■ **DATA SEGMENT**:
⟨
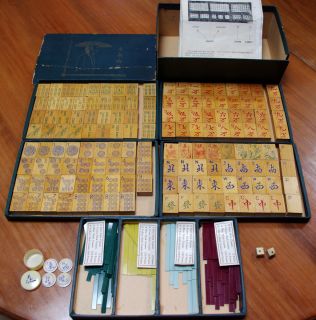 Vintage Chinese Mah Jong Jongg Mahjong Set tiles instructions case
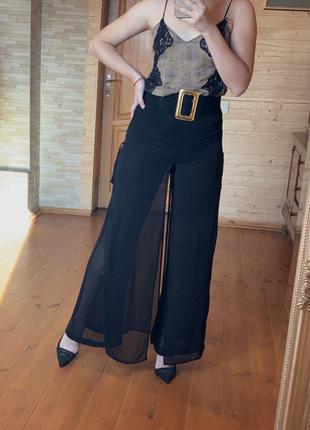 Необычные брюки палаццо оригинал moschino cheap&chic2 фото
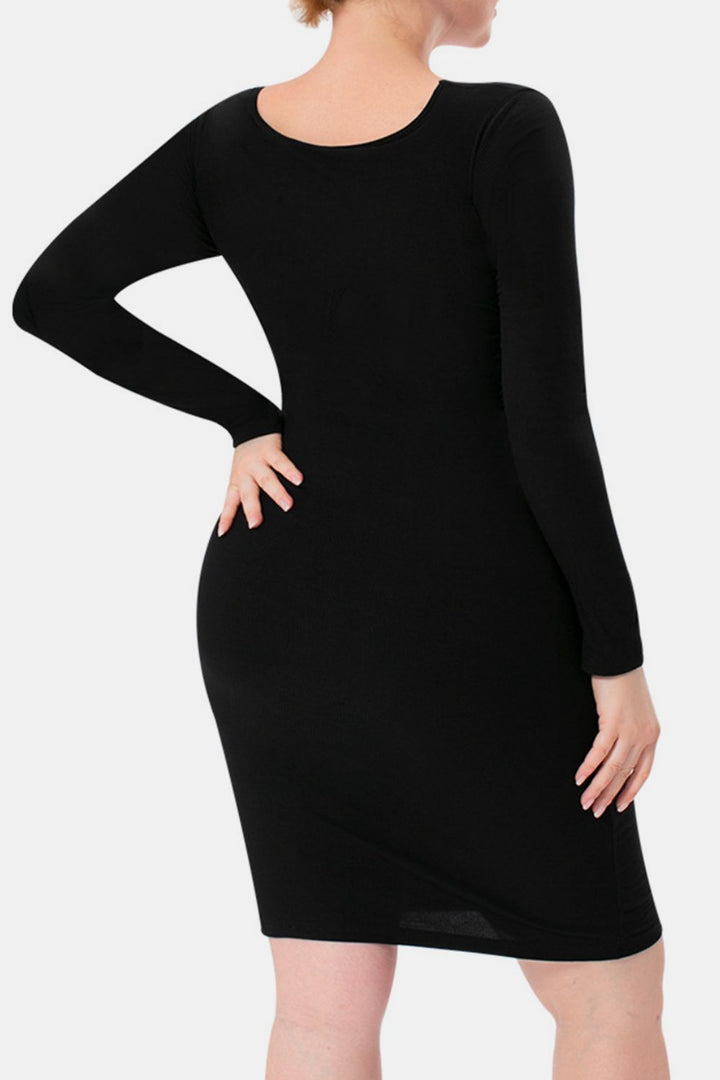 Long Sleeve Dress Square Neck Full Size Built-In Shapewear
⟩
■ **WHAT THE TASK ASKS**: Every line from the one holding "Необычные брюки палаццо" to the last line of the listing above, inclusive, must appear exactly as written, and no picture may appear.

■ **WRITTEN SOLUTION**:
 Необычные брюки палаццо оригинал moschino cheap&chic2 фото
 Long Sleeve Dress Square Neck Full Size Built-In Shapewear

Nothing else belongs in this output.